*Records for this task*.
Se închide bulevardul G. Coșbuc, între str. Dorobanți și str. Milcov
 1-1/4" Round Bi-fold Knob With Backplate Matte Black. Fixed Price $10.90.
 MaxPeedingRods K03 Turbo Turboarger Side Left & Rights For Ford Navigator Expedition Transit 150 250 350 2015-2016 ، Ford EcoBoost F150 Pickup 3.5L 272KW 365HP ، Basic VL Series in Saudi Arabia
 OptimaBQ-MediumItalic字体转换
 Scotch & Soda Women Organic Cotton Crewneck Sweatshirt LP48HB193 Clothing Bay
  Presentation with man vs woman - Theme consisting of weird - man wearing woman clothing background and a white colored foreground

*Requirement*. Output the data above exactly, please, line for line.

*Written solution*.
Se închide bulevardul G. Coșbuc, între str. Dorobanți și str. Milcov
 1-1/4" Round Bi-fold Knob With Backplate Matte Black. Fixed Price $10.90.
 MaxPeedingRods K03 Turbo Turboarger Side Left & Rights For Ford Navigator Expedition Transit 150 250 350 2015-2016 ، Ford EcoBoost F150 Pickup 3.5L 272KW 365HP ، Basic VL Series in Saudi Arabia
 OptimaBQ-MediumItalic字体转换
 Scotch & Soda Women Organic Cotton Crewneck Sweatshirt LP48HB193 Clothing Bay
  Presentation with man vs woman - Theme consisting of weird - man wearing woman clothing background and a white colored foreground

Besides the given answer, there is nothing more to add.